EXERCISE PROMPT —
The needed output is the run of lines below from the one containing "Our advanced system" through the one containing "Welcome to MyBinding", copied exactly and free of pictures.

SUPPLIED ENTRIES —
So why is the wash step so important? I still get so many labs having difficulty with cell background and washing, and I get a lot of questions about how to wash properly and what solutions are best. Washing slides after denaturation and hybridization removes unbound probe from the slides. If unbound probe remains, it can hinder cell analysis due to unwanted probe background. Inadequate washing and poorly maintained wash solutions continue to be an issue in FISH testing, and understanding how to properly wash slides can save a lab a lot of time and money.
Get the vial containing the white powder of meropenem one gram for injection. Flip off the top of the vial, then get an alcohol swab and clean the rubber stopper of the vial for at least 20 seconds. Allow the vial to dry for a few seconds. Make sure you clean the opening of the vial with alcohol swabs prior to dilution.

==

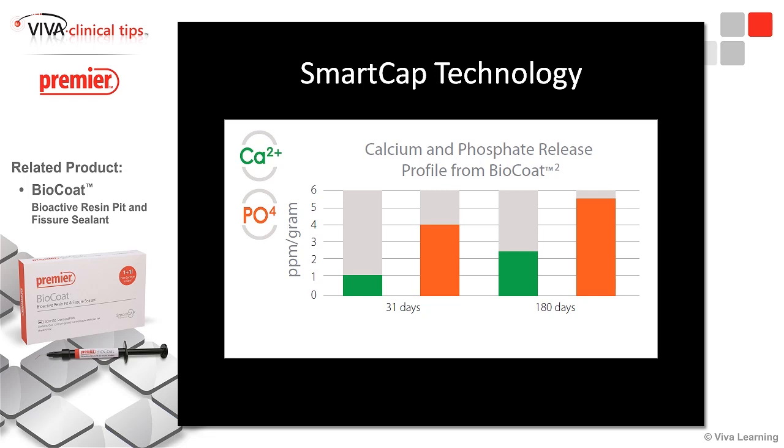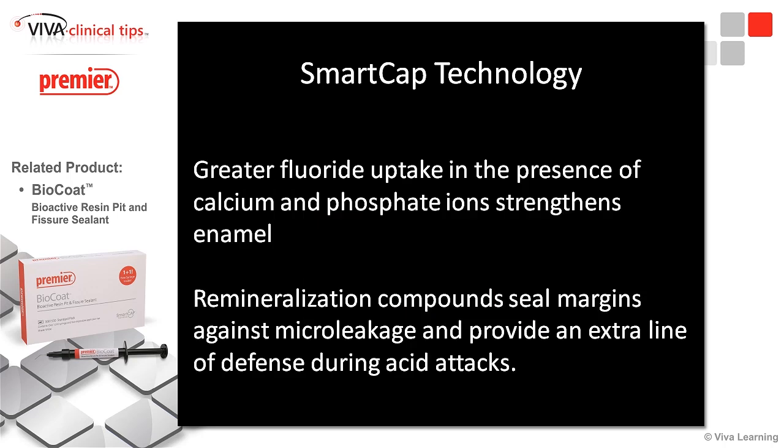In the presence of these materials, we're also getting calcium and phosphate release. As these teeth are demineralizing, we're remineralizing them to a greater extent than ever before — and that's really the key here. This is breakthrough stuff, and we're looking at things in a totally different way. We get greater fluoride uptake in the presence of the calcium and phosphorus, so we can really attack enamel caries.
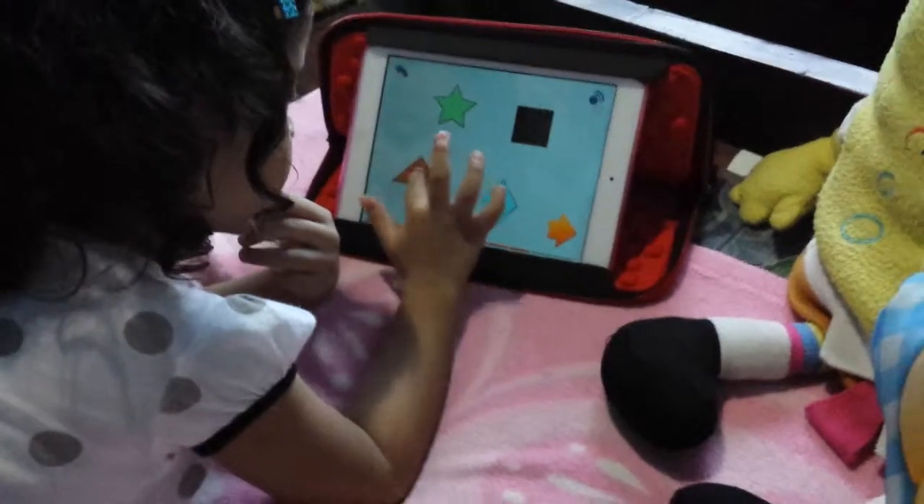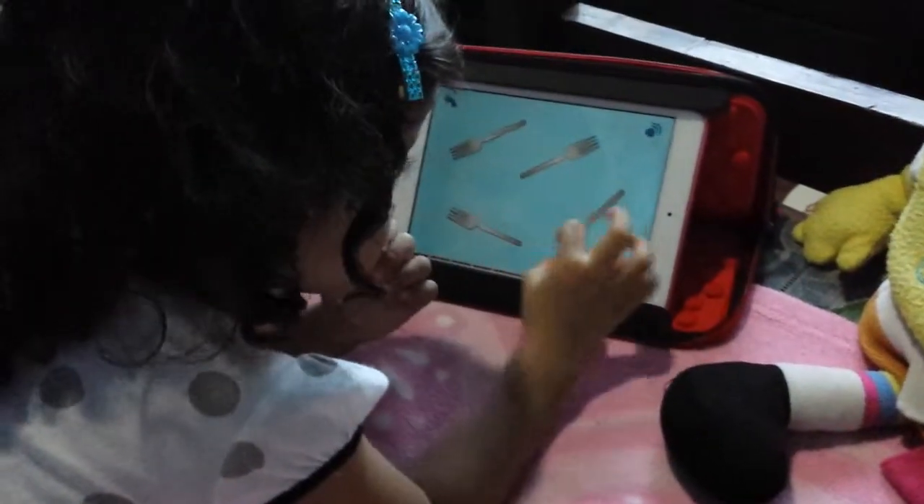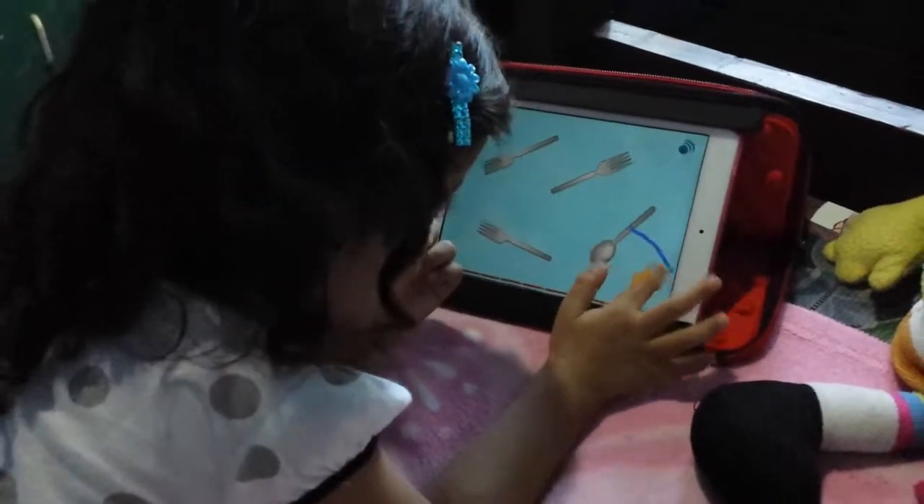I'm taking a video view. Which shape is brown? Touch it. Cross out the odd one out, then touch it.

---

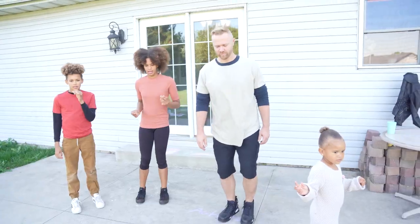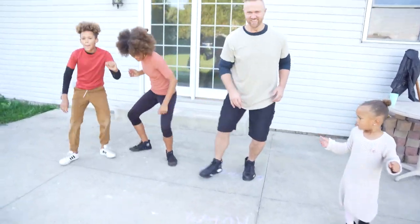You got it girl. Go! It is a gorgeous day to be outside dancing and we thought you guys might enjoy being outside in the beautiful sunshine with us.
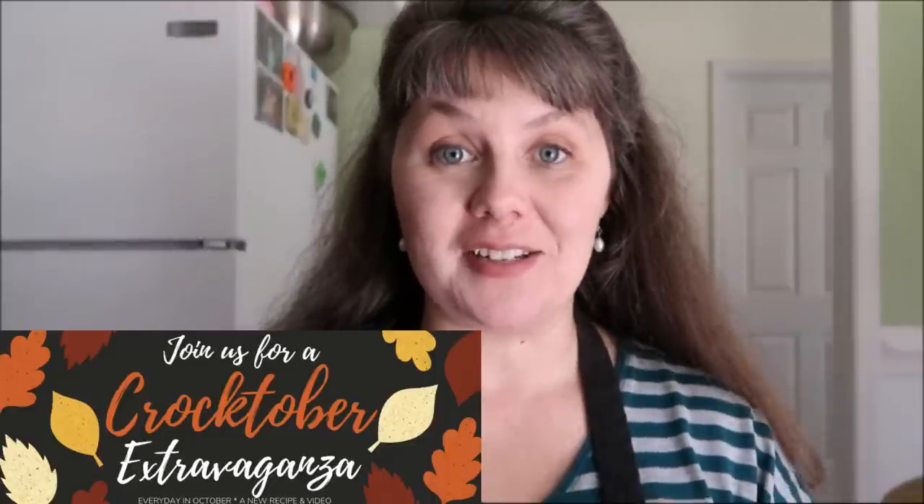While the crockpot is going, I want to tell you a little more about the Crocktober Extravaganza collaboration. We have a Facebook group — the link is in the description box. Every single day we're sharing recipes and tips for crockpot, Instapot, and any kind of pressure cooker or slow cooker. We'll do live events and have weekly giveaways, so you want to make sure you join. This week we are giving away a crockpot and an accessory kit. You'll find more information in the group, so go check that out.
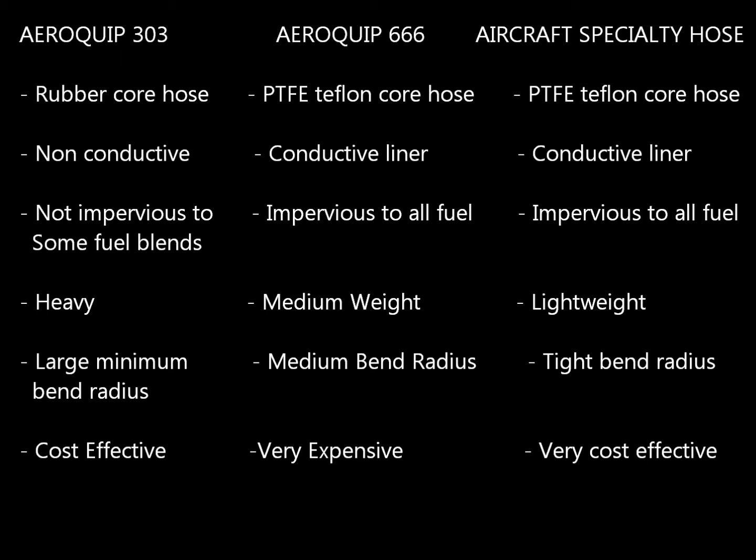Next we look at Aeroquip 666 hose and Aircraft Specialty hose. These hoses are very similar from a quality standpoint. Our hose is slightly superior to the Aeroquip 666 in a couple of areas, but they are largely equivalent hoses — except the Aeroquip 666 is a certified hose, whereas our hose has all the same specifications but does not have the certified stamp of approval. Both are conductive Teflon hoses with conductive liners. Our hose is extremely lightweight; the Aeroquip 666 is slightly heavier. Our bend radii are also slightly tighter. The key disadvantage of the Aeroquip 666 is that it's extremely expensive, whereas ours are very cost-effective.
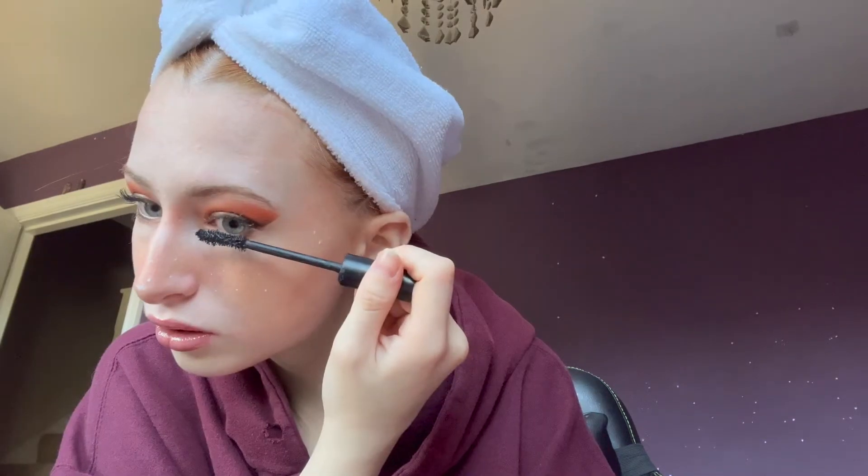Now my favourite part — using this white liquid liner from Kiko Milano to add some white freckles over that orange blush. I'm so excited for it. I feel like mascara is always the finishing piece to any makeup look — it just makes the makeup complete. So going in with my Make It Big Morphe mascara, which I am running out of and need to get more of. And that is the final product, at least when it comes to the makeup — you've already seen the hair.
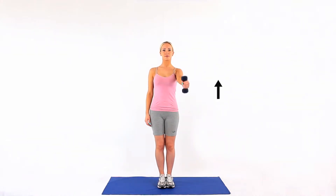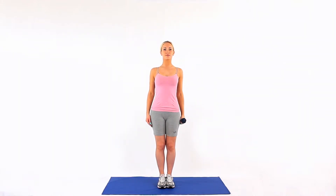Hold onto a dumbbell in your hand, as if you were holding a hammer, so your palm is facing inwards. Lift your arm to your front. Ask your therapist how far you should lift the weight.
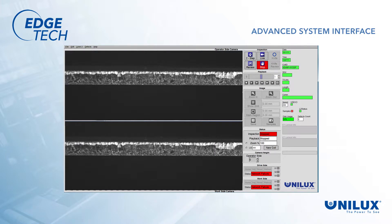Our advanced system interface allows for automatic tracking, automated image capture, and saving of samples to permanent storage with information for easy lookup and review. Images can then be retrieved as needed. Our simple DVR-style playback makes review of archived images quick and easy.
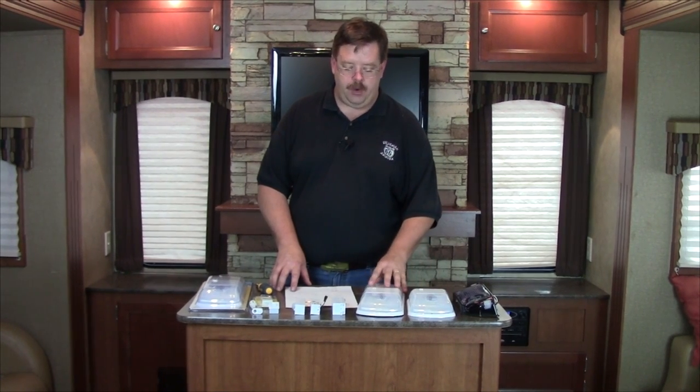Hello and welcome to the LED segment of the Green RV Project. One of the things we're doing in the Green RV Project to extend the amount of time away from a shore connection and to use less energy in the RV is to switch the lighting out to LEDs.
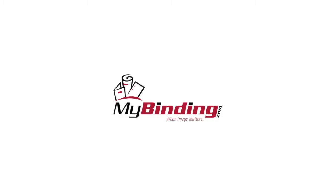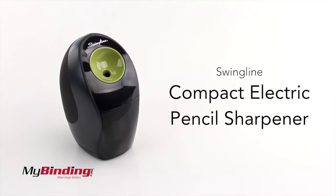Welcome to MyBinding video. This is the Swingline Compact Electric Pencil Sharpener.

RESULT FOR THIS TASK —
Our advanced system interface allows for automatic tracking, automated image capture, and saving of samples to permanent storage with information for easy lookup and review. Images can then be retrieved as needed. Our simple DVR-style playback makes review of archived images quick and easy.
Hello and welcome to the LED segment of the Green RV Project. One of the things we're doing in the Green RV Project to extend the amount of time away from a shore connection and to use less energy in the RV is to switch the lighting out to LEDs.
Welcome to MyBinding video. This is the Swingline Compact Electric Pencil Sharpener.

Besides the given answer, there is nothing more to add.